Try it =
Though the entries contain pictures, the copy you make should hold only the rest, exactly as written.

Records provided =
= Beginning of Section =

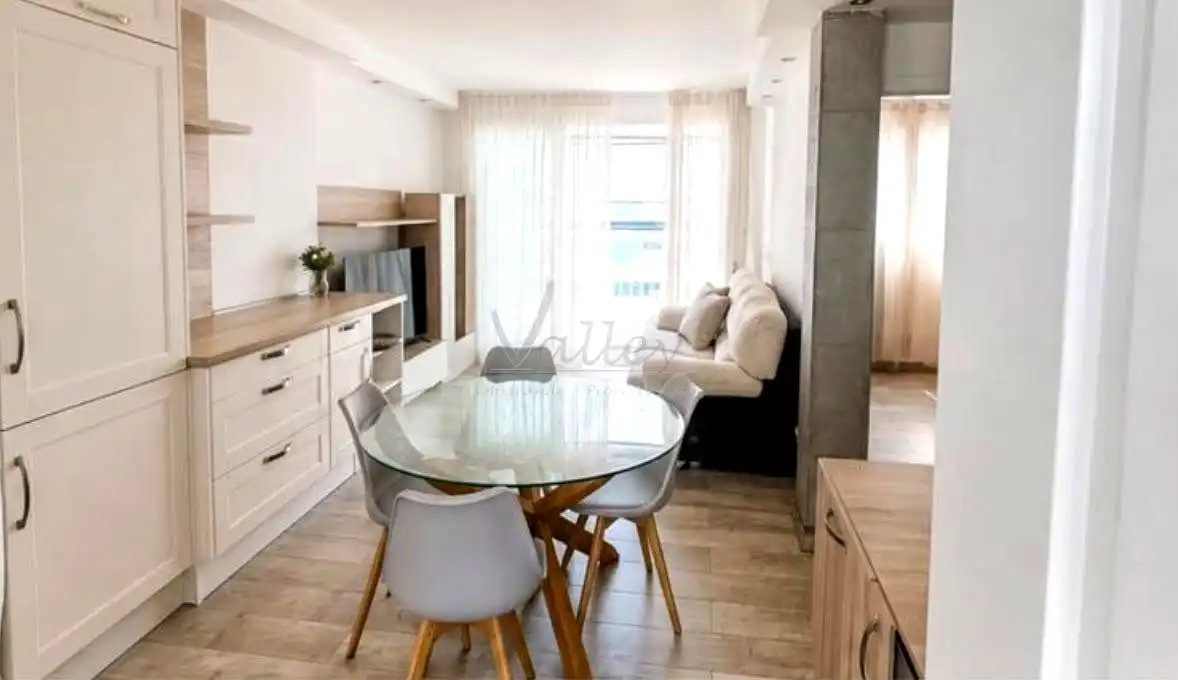 Sala de estar de Apartamento de alquiler en Sotogrande con Amueblado y Piscina comunitaria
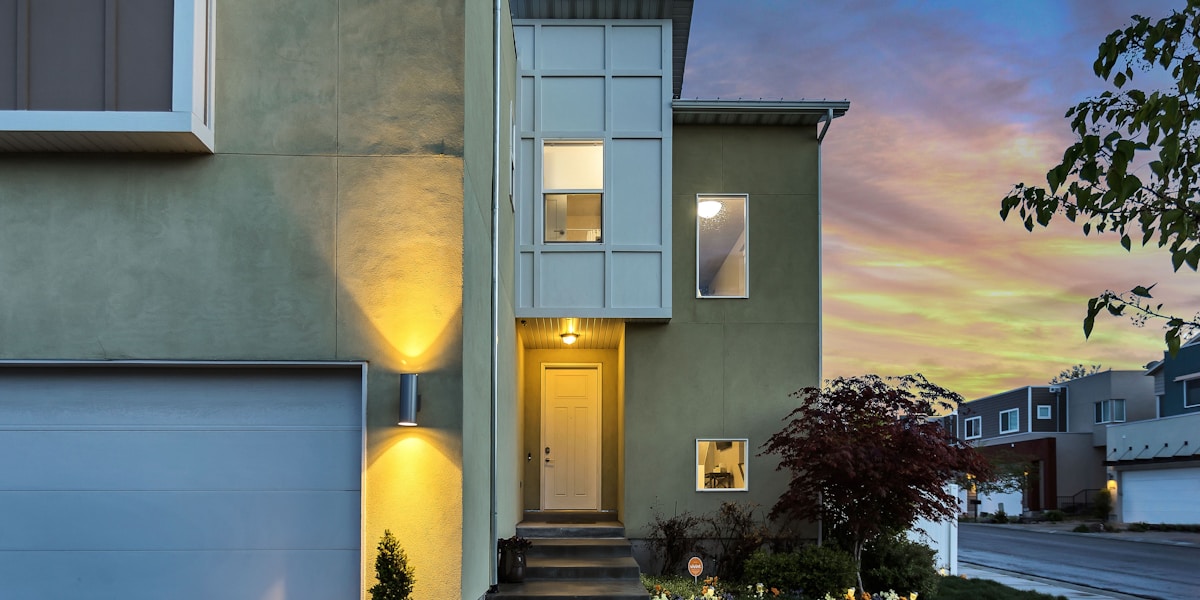 CAD floor plan and 3D visualization example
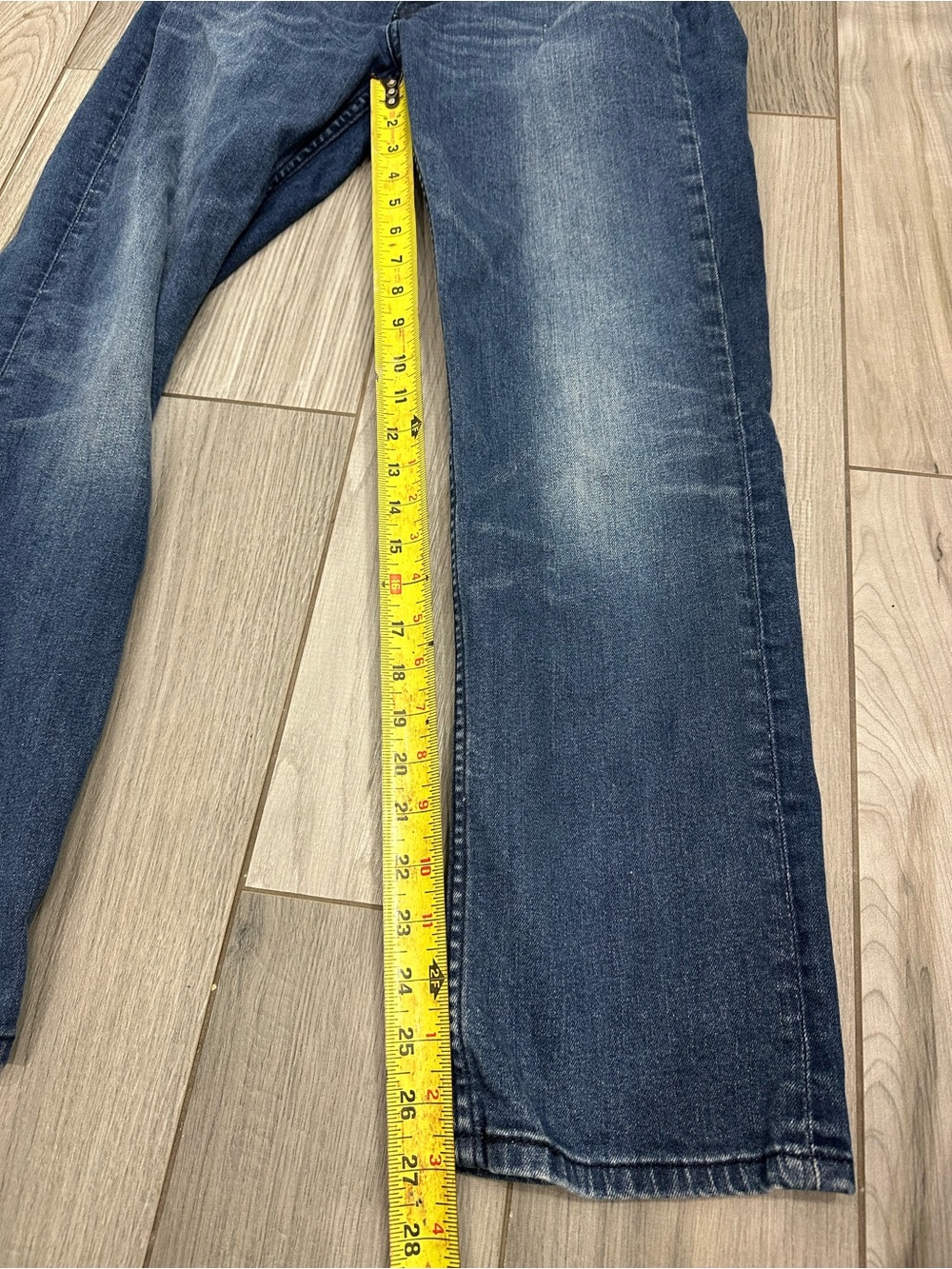 Levi's Men's Slim Straight Jeans in Dark Blue Wash - Picture 2 of 4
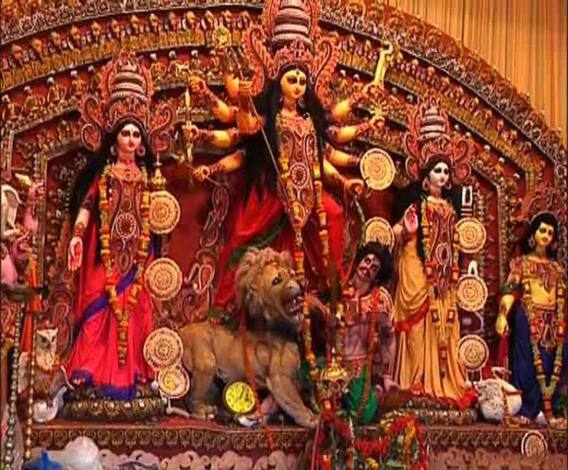 শারদ আনন্দ ২০২০: সিংহি পার্কে ‘নিউ নর্মাল বরণ’-এর মধ্যে দিয়ে চলছে উমাকে বিদায় জানানোর পালা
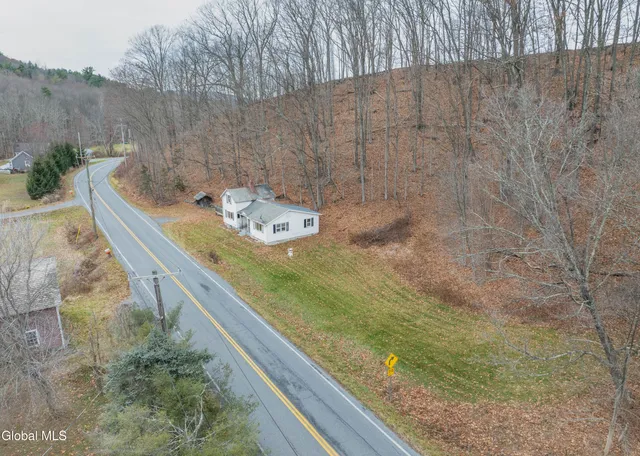 $189,900 | 403 Ashgrove Road, White Creek, NY 12816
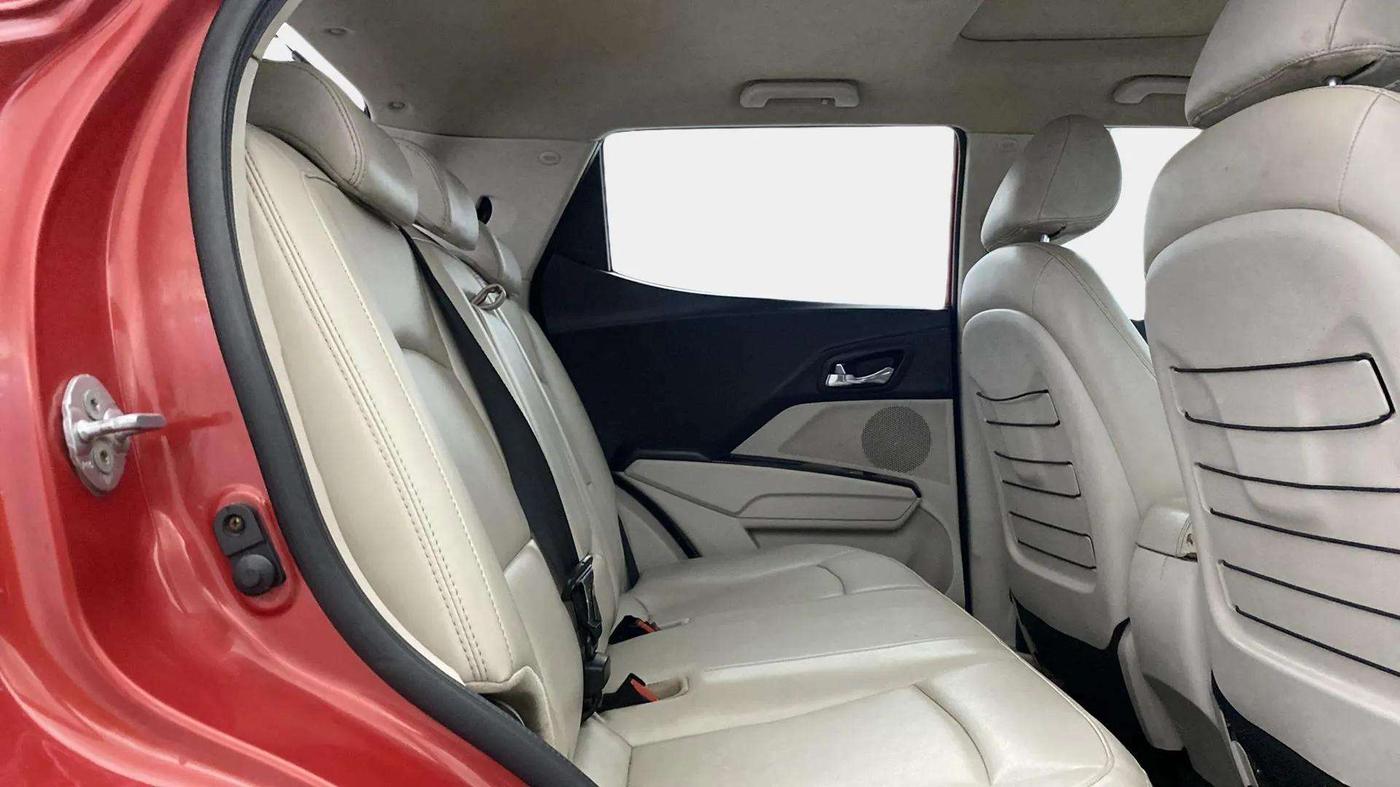 2019 Mahindra XUV300 W8(O) 1.2 PETROL DUAL TONE, Petrol, Manual, 95,774 km, Right Side Rear Door Cabin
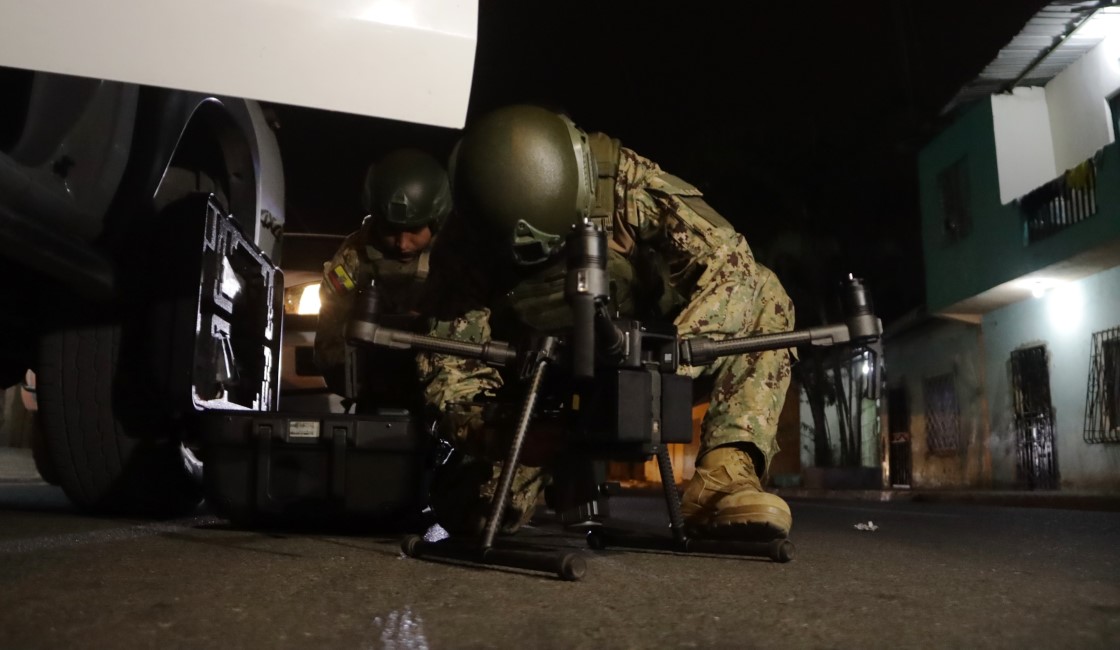 Militares preparan el despliegue de un dron durante un operativo en Durán la noche del 15 de septiembre del 2023. 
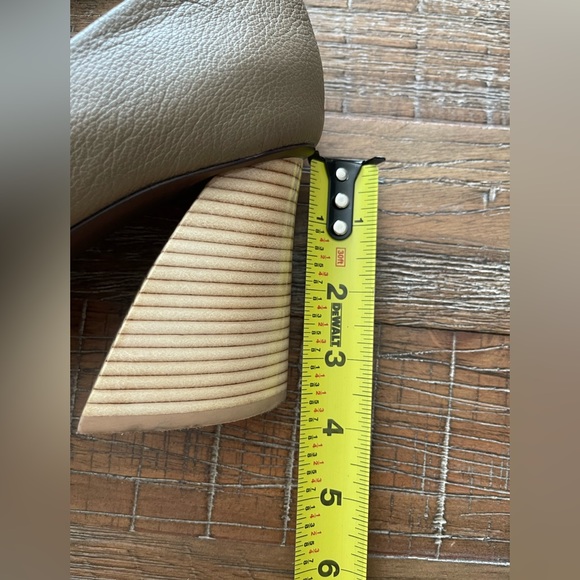 Mercedes Castillo leather pump comfortable heels, shoes - Picture 8 of 13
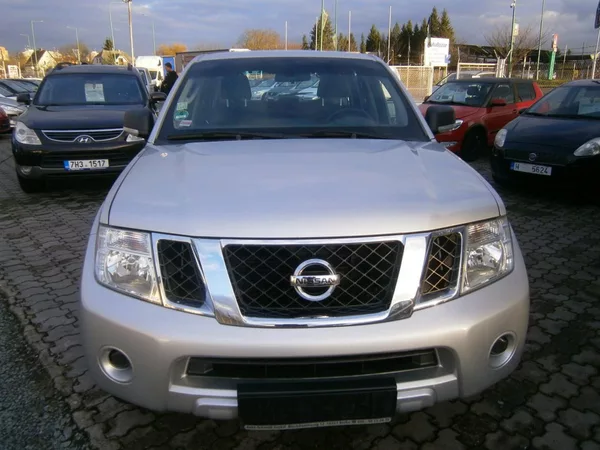 Nissan Pathfinder 2.5DCi 140kw,4x4,serviska - foto 2
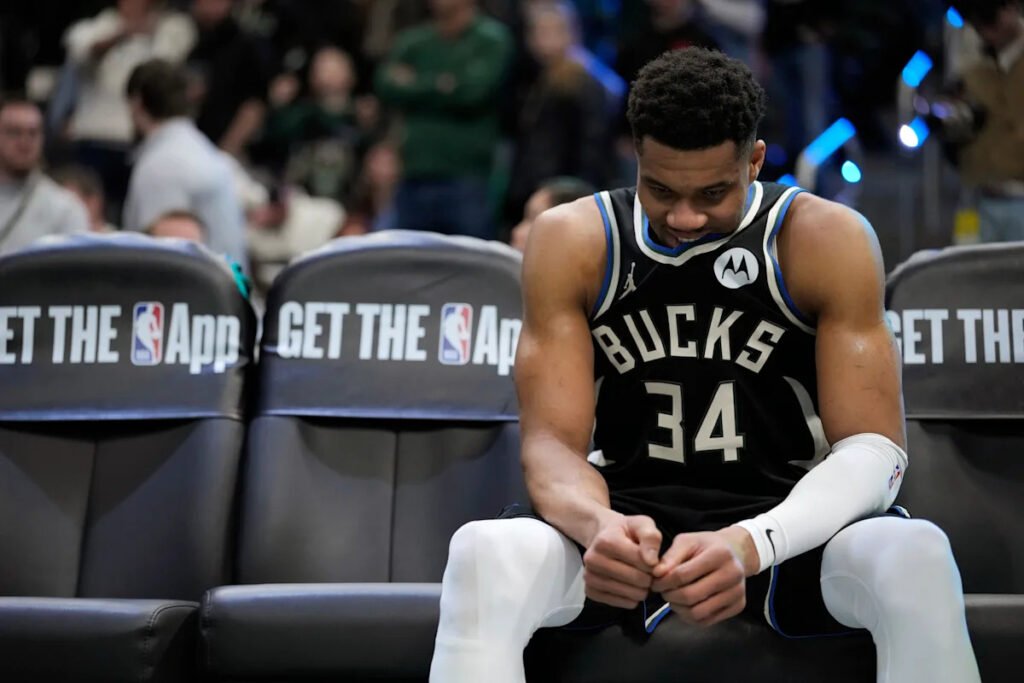 Giannis Antetokounmpo to get MRI on strained right calf, says he expects to miss 4 to 6 weeks
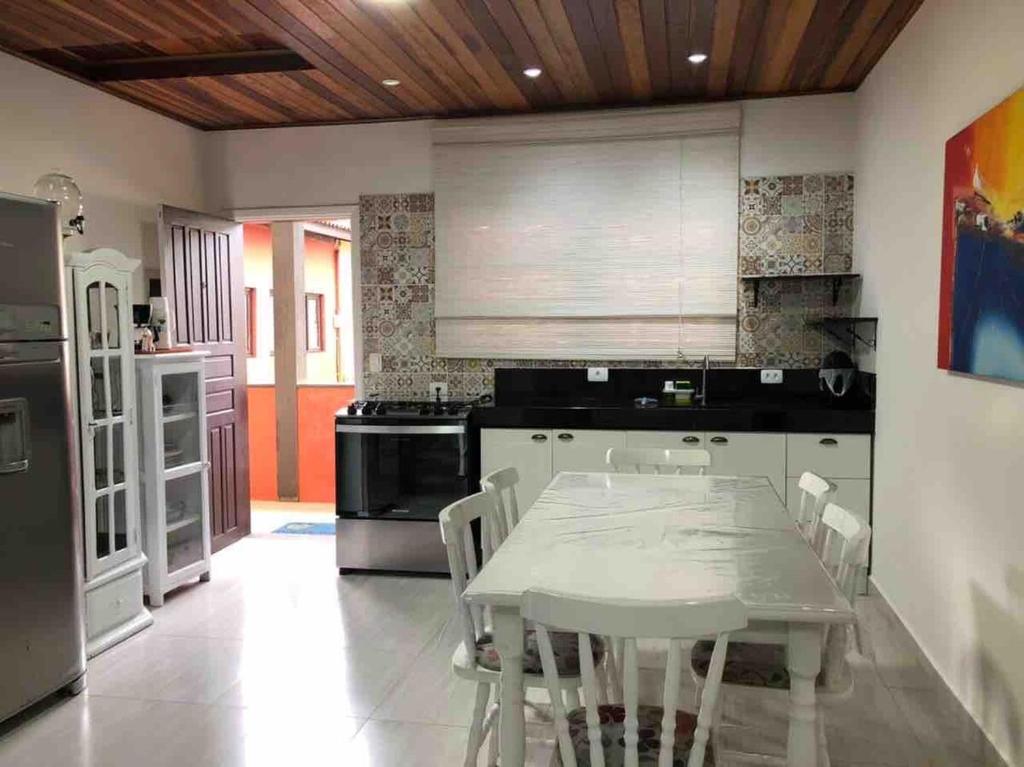 Η κουζίνα ή μικρή κουζίνα στο Apartamento Duplex em Juquehy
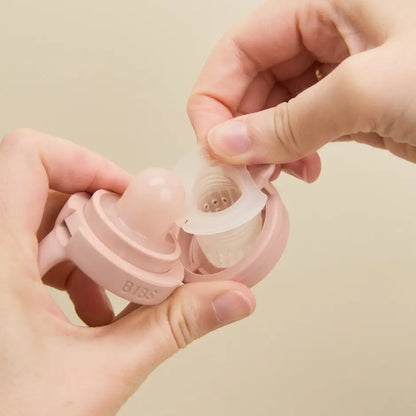 Pink silikon babyteether matsmokk blush med klar plastinnlegg og bibs gravert for baby utforske fast føde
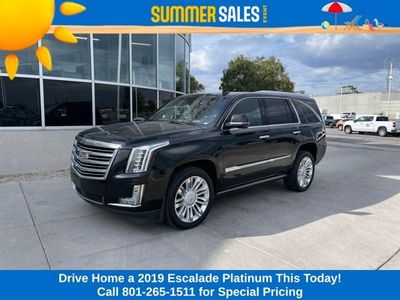 2019 Cadillac Escalade Platinum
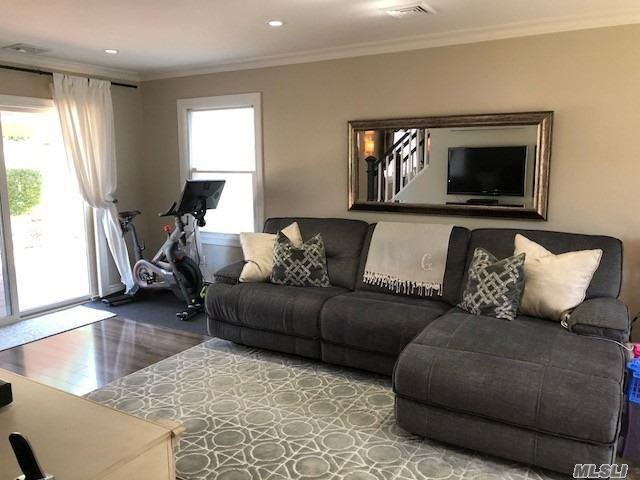 63 Cottonwood Ln - Photo 2 of 12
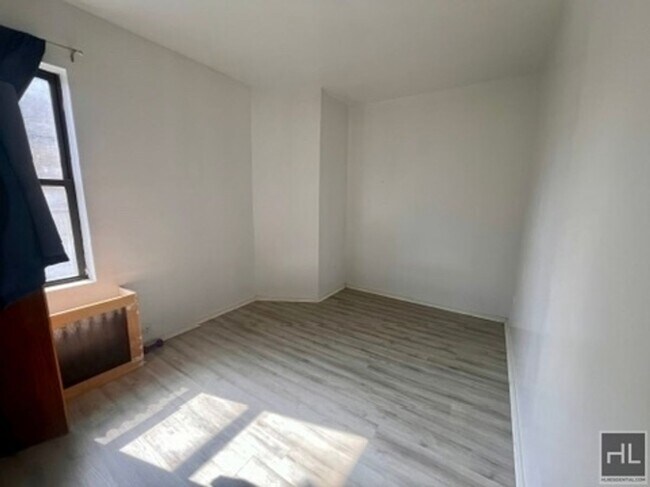 15 Lawrence St-Unit -4 in Yonkers, NY - Building Photo - Building Photo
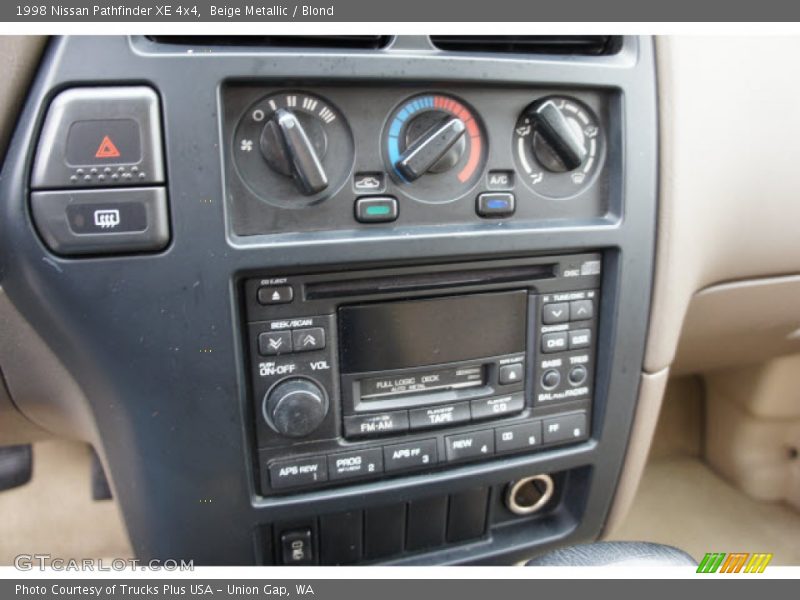 Beige Metallic / Blond 1998 Nissan Pathfinder XE 4x4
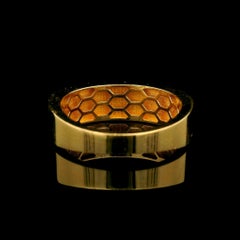 Estate 18k Yellow Gold Black & White Enamel Honey Comb Design Band Ring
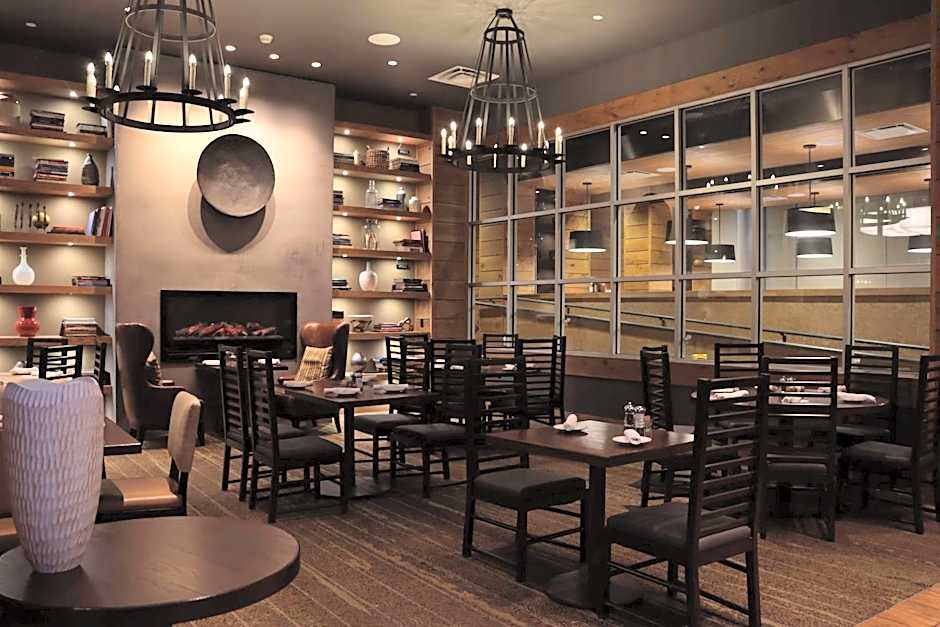 DoubleTree by Hilton Hotel Reading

= End of Section =

Result for this task =
 Sala de estar de Apartamento de alquiler en Sotogrande con Amueblado y Piscina comunitaria
 CAD floor plan and 3D visualization example
 Levi's Men's Slim Straight Jeans in Dark Blue Wash - Picture 2 of 4
 শারদ আনন্দ ২০২০: সিংহি পার্কে ‘নিউ নর্মাল বরণ’-এর মধ্যে দিয়ে চলছে উমাকে বিদায় জানানোর পালা
 $189,900 | 403 Ashgrove Road, White Creek, NY 12816
 2019 Mahindra XUV300 W8(O) 1.2 PETROL DUAL TONE, Petrol, Manual, 95,774 km, Right Side Rear Door Cabin
 Militares preparan el despliegue de un dron durante un operativo en Durán la noche del 15 de septiembre del 2023. 
 Mercedes Castillo leather pump comfortable heels, shoes - Picture 8 of 13
 Nissan Pathfinder 2.5DCi 140kw,4x4,serviska - foto 2
 Giannis Antetokounmpo to get MRI on strained right calf, says he expects to miss 4 to 6 weeks
 Η κουζίνα ή μικρή κουζίνα στο Apartamento Duplex em Juquehy
 Pink silikon babyteether matsmokk blush med klar plastinnlegg og bibs gravert for baby utforske fast føde
 2019 Cadillac Escalade Platinum
 63 Cottonwood Ln - Photo 2 of 12
 15 Lawrence St-Unit -4 in Yonkers, NY - Building Photo - Building Photo
 Beige Metallic / Blond 1998 Nissan Pathfinder XE 4x4
 Estate 18k Yellow Gold Black & White Enamel Honey Comb Design Band Ring
 DoubleTree by Hilton Hotel Reading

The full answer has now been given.